Le vieillissement, appréhendé à l’échelon des populations, se caractérise par une réduction des capacités fonctionnelles et par l’augmentation d’incidence des maladies liées à l’âge. La probabilité d’être victime de ces maladies apparaît donc plus élevée à un âge donné, mais il ne s’agit que d’une possibilité plus forte et non d’une fatalité.

Trois modalités de vieillissement très différentes

En revanche, à l’échelon individuel, et bien qu’il faille se garder d’une approche trop schématique, trois modalités évolutives de vieillissement, sous-tendant différentes trajectoires de vie, sont communément admises (Rowe et Khan, 1987) :

  • le vieillissement réussi, à haut niveau de fonction, ou robuste, se caractérisant par le maintien des capacités fonctionnelles ou leur atteinte très modérée ;

  • le vieillissement usuel ou habituel, qui s’en distingue par la réduction des capacités ou de certaines d’entre elles, sans que l’on puisse attribuer cet amoindrissement des fonctions à une maladie de l’organe concerné ;

  • le vieillissement avec morbidités, dont nous avons dit précédemment qu’il était trop souvent et à tort considéré comme la seule modalité de vieillissement. Ces morbidités, plus souvent chroniques, et dont l’âge ne représente qu’un facteur de risque, vont plus particulièrement concerner la sphère affective (dépression), cognitive (démence), locomotrice, sensorielle, cardiovasculaire. Elles ont pour point commun d’être fréquemment associées à une dénutrition et d’exposer à un risque important de maladies graves, en particulier infectieuses ou traumatiques. Elles doivent de ce fait être considérées comme des déficiences, à l’origine d’incapacités fonctionnelles parfois majeures et de handicaps authentiques. Le terme de “handicap” est dès lors plus adapté pour caractériser ces états que celui de “dépendance”.

L’amoindrissement des capacités fonctionnelles caractérisant les deux autres types de trajectoire (vieillissement réussi ou usuel) peut résulter des habitudes de vie ou de l’effet des maladies. Plusieurs études démontrent bien l’importance et l’influence négative de certains comportements tout au long de la vie sur le risque de survenue d’incapacités. D’autres études révèlent que la principale cause d’incapacité avant l’âge de 85 ans provient d’affections chroniques du système nerveux, de l’appareil locomoteur ou des organes des sens. Finalement, l’âge en tant que tel, c’est-à-dire si l’on exclut le rôle des habitudes de vie et des maladies incapacitantes, n’apparaît plus que comme un facteur de fragilité, d’exposition accrue au risque.

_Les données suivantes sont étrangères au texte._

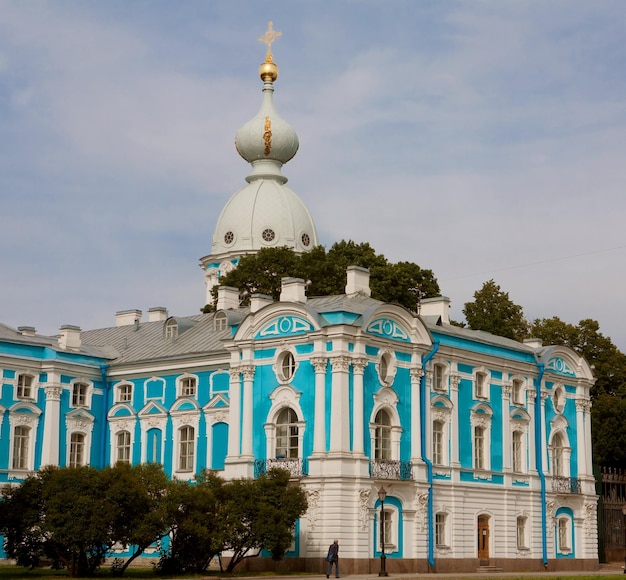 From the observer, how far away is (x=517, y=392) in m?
46.9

Le vieillissement réussi : un modèle et un objectif à atteindre

Le principe selon lequel on vit de plus en plus vieux et en bonne santé ou qu’il faut privilégier le gain en années de vie en bonne santé s’est maintenant imposé. Pourtant, de nombreux efforts doivent encore être consentis pour convaincre chacun du bien-fondé des démarches de prévention, afin que le plus grand nombre puisse bénéficier d’un vieillissement en santé. L’inertie et les réticences rencontrées trouvent sans doute leur origine dans les difficultés à sensibiliser les plus jeunes ou les adultes à un processus pourtant continu, qu’ils considéreront comme leur propre vieillissement à l’aube de leur entrée dans l’incapacité ou la dépendance. D’autres appréhenderont ce phénomène dès l’apparition des premiers stigmates leur dévoilant un vieillissement devenu apparent aux yeux des autres…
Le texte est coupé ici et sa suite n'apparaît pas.